╭──

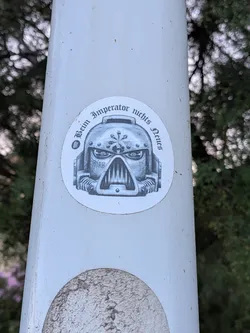 Street sticker A circular white sticker featuring a grayscale illustration of a Space Marine helmet. The helmet has 'BADAB' written on the cheek. Arched gothic text above reads 'Beim Imperator nichts Neues' next to a Spotify logo.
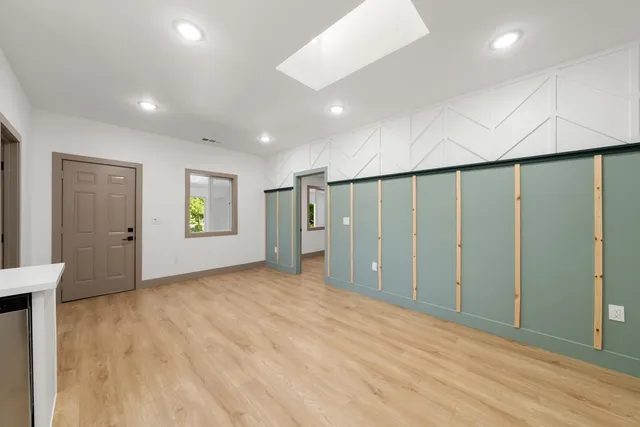 a spacious bathroom with a granite countertop sink and a mirror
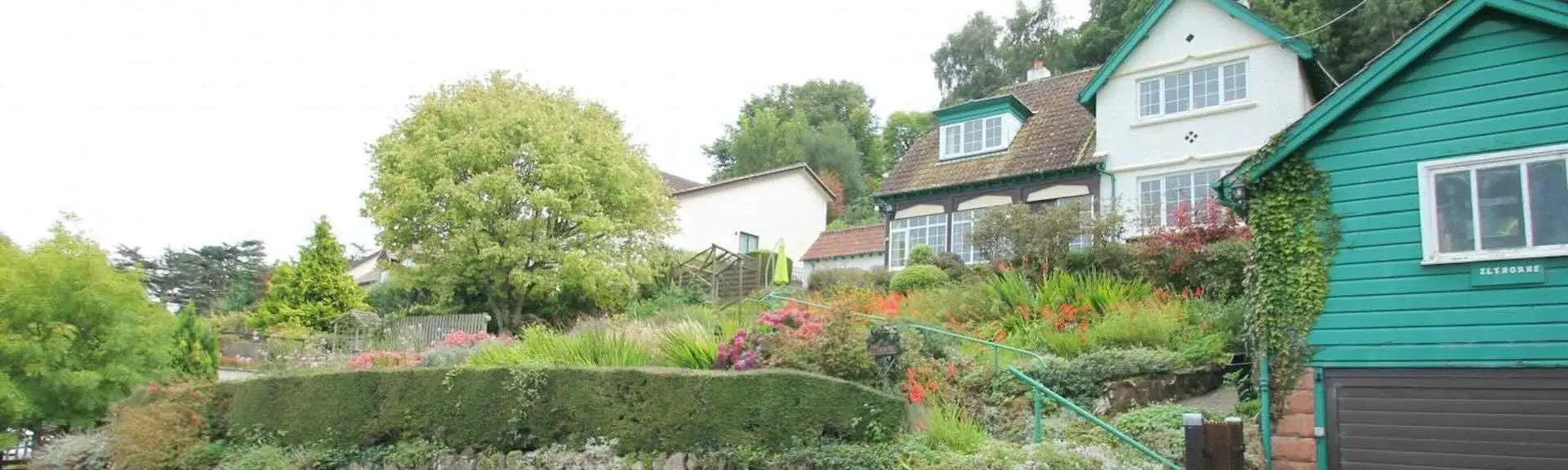 A mature garden slopes up to a large house backed by trees.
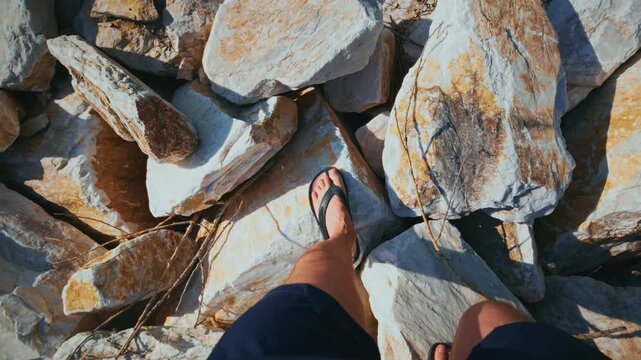 Person in flip-flops steps carefully across sunlit rocky terrain. View from above, focusing on feet navigating uneven stones. Shadows stretch across surface, indicating bright daylight
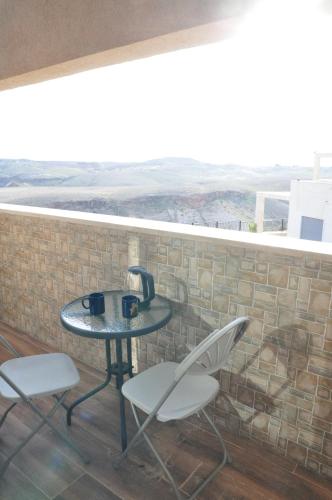 a table and chairs on a balcony with a view at Vastu Dead Sea apartment in Arad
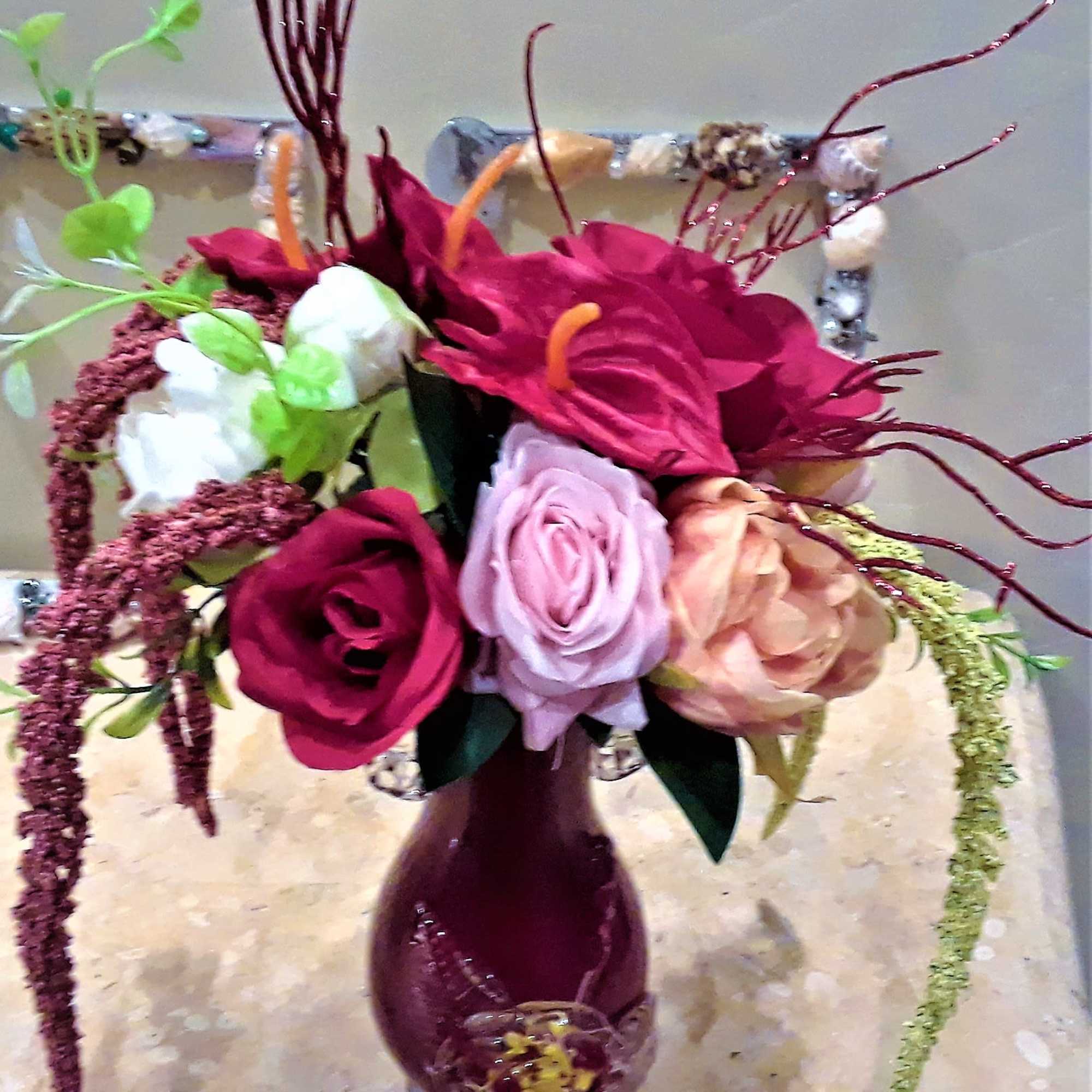 Bouquet of pink, lavender, and peach roses in a purple vase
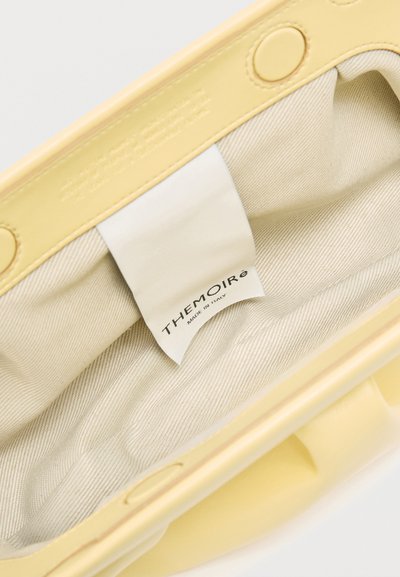 Intérieur en tissu crème d'un sac à main jaune clair avec une étiquette de marque Themioré blanche cousue à l'intérieur.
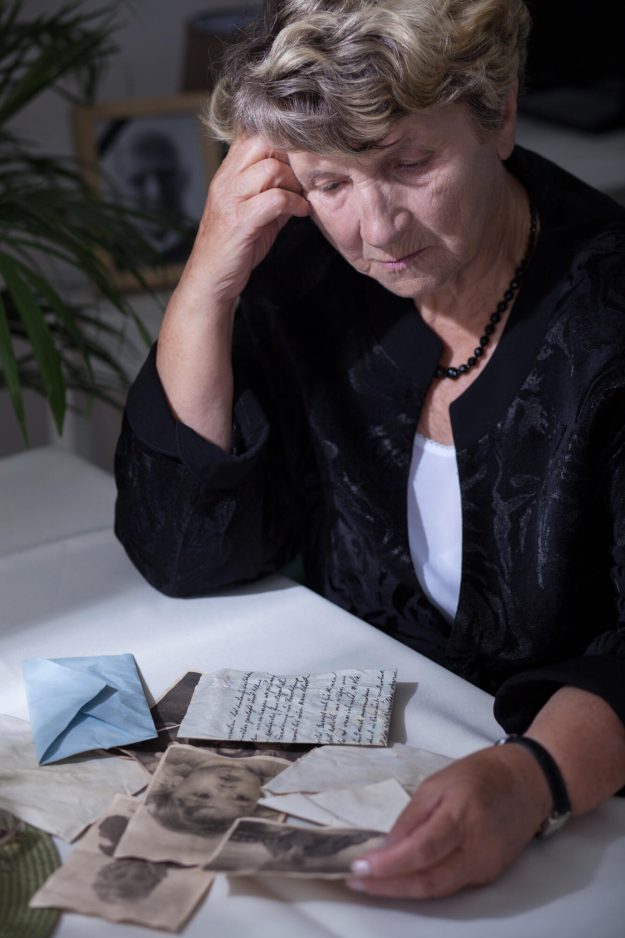 Elderly,Woman,In,Mourning,Watching,Old,Photos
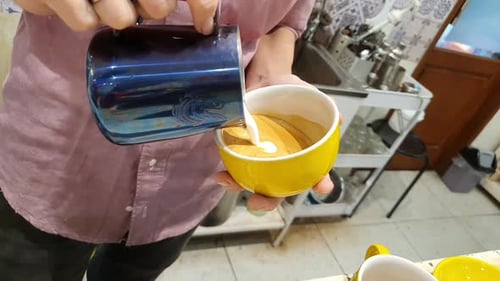 Barista making of cafe latte art, heart shape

╰──

Required action: A verbatim copy of the material, pictures excluded, is what must be produced.

Output:
 Street sticker A circular white sticker featuring a grayscale illustration of a Space Marine helmet. The helmet has 'BADAB' written on the cheek. Arched gothic text above reads 'Beim Imperator nichts Neues' next to a Spotify logo.
 a spacious bathroom with a granite countertop sink and a mirror
 A mature garden slopes up to a large house backed by trees.
 Person in flip-flops steps carefully across sunlit rocky terrain. View from above, focusing on feet navigating uneven stones. Shadows stretch across surface, indicating bright daylight
 a table and chairs on a balcony with a view at Vastu Dead Sea apartment in Arad
 Bouquet of pink, lavender, and peach roses in a purple vase
 Intérieur en tissu crème d'un sac à main jaune clair avec une étiquette de marque Themioré blanche cousue à l'intérieur.
 Elderly,Woman,In,Mourning,Watching,Old,Photos
 Barista making of cafe latte art, heart shape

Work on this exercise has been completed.